**WORK ORDER:**
What are the lines from the top of the entries through the one with "Datejust 36mm 126334"? Write them out exactly, with no pictures.

**Records from a dataset:**
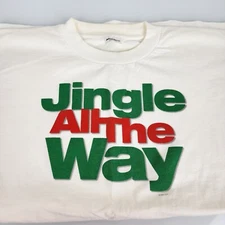 VINTAGE JINGLE ALL THE WAY CHRISTMAS MOVIE PROMO T SHIRT SIZE LARGE RARE 1996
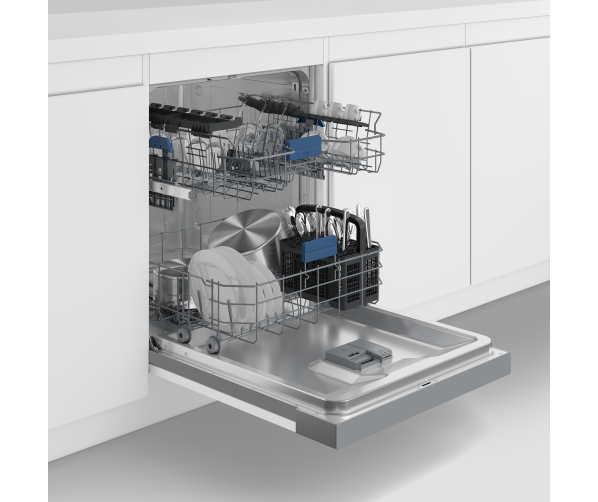 Beko BDSN36440XC inbouw vaatwasser - half geintegreerd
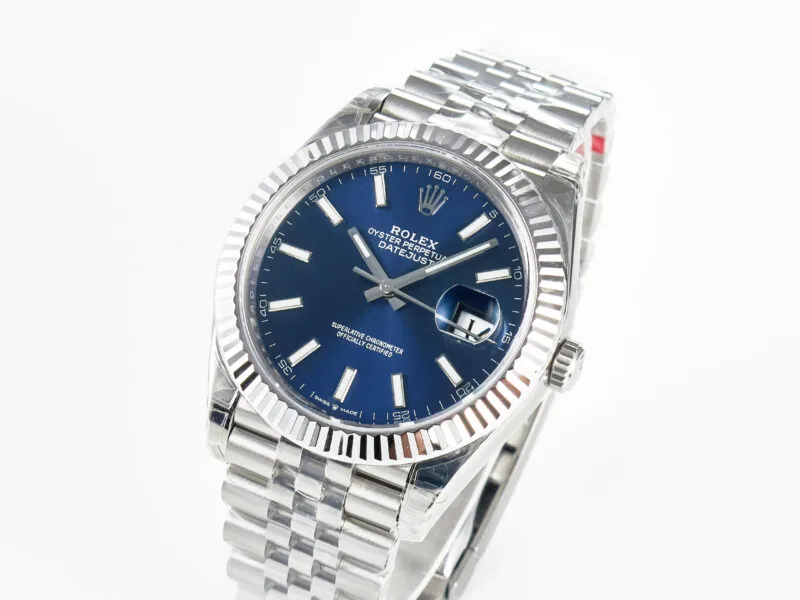 Datejust 36mm 126334 VSF blaues Zifferblatt Strichindizes in Weißgold – Bild 2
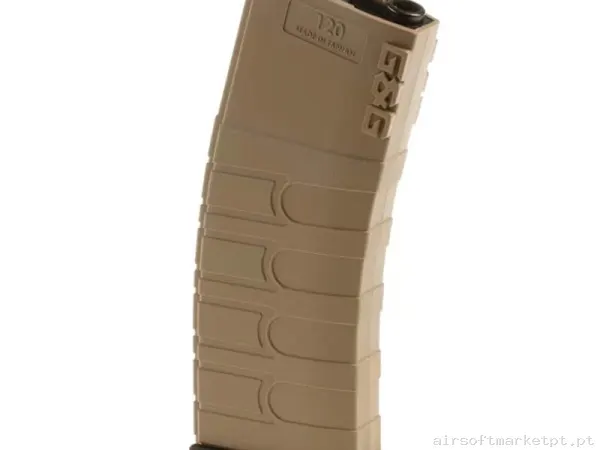 Magazine Réplica Midcap M4 G&G Polimero 120 Bbs tan/Negro — Carregadores / Magazines — Airsoft Market PT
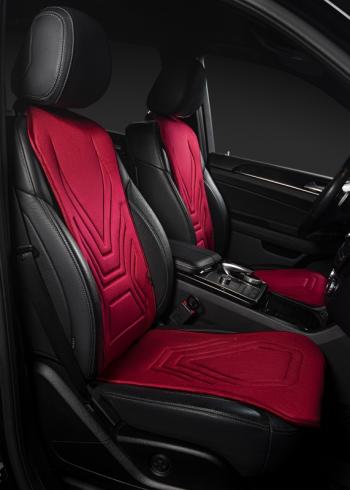 2 599 р. Накидка на сиденье (1 место Афины) ЛЮКС ст АЛЬБИОН Lord Autofashion   (красный, строчка темно-красная)  с доставкой в г. Керчь. Увеличить фотографию 4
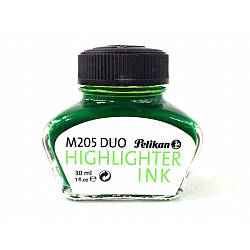 Чорнило флуоресцентне Pelikan M205 Duo Highlighter Ink у скляному флаконі 30 мл, колір зелений, 339580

**SOLUTION TO THIS PROBLEM:**
 VINTAGE JINGLE ALL THE WAY CHRISTMAS MOVIE PROMO T SHIRT SIZE LARGE RARE 1996
 Beko BDSN36440XC inbouw vaatwasser - half geintegreerd
 Datejust 36mm 126334 VSF blaues Zifferblatt Strichindizes in Weißgold – Bild 2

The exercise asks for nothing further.